WASHINGTON (AP) — The National Zoo has struck a new extension of its longstanding agreement with the Chinese government that will keep the zoo’s iconic giant pandas in Washington for another three years.

But the agreement also calls for all three pandas — baby Xiao Qi Ji and parents Mei Xiang and Tian Tian — to return to China at the end of 2023.

“It will certainly be bittersweet,” said zoo spokeswoman Annalisa Meyer of the eventual departure of the trio. But she also expects the zoo and the Conservation Biology Institute and China Wildlife and Conservation Association will come to a fresh agreement on a new panda loan program when the time comes.

“We have every expectation that our panda program will continue,” Meyer said.

The National Zoo’s history with pandas dates back to 1972, when the Chinese government gave a pair — male Hsing-Hsing and female Ling-Ling — as a gift to commemorate President Richard Nixon’s historic diplomatic visit to China. The pair became one of the zoo’s most popular attractions for decades, although they never successfully managed to breed.

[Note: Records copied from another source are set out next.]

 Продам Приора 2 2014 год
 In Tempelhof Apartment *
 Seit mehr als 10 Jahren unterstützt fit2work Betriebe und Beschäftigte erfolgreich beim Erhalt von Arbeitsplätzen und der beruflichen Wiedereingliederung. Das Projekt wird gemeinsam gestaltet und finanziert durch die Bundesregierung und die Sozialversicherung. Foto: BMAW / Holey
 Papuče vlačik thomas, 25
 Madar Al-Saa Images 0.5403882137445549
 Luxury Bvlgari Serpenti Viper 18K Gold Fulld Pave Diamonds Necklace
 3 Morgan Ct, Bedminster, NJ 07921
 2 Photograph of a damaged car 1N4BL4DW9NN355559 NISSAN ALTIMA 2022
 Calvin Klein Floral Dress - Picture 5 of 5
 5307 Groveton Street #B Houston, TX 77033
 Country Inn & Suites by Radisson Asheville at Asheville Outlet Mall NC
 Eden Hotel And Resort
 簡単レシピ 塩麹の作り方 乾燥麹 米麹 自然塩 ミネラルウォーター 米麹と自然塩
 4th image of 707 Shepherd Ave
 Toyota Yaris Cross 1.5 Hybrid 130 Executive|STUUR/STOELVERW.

Panda births are inherently tricky, with stillbirths and miscarriages happening frequently, and Ling-Ling gave birth to five cubs over the years but none survived. Ling-Ling died in 1992 and Hsing-Hsing, suffering from multiple age-related illnesses, was euthanized in 1999.

The current pair came to Washington almost exactly 20 years ago in December 2000 as a long-term loan. Three of their cubs have survived to adulthood and were each returned to China, under terms of the zoo’s agreement, at age three. The fourth cub, three-month-old Xiao Qi Ji (shee-OW-chee-jee), was born in August amid great fanfare and just took his first steps over the Thanksgiving holiday, Meyer said.

Mei Xiang, 22, and Tian Tian, 23, are both well into panda middle age. Giant pandas tend to live 15-20 years in the wild and 25-30 years in captivity. Mei Xiang is the oldest giant panda to successfully give birth outside of China.

For now, panda enthusiasts will have to turn to the zoo’s popular Panda-cam for glimpses of the family. The zoo, which closed in March due to the COVID-19 pandemic and reopened on a limited basis in July, closed down for a second time on Nov. 23 as virus numbers spiked locally and around the country.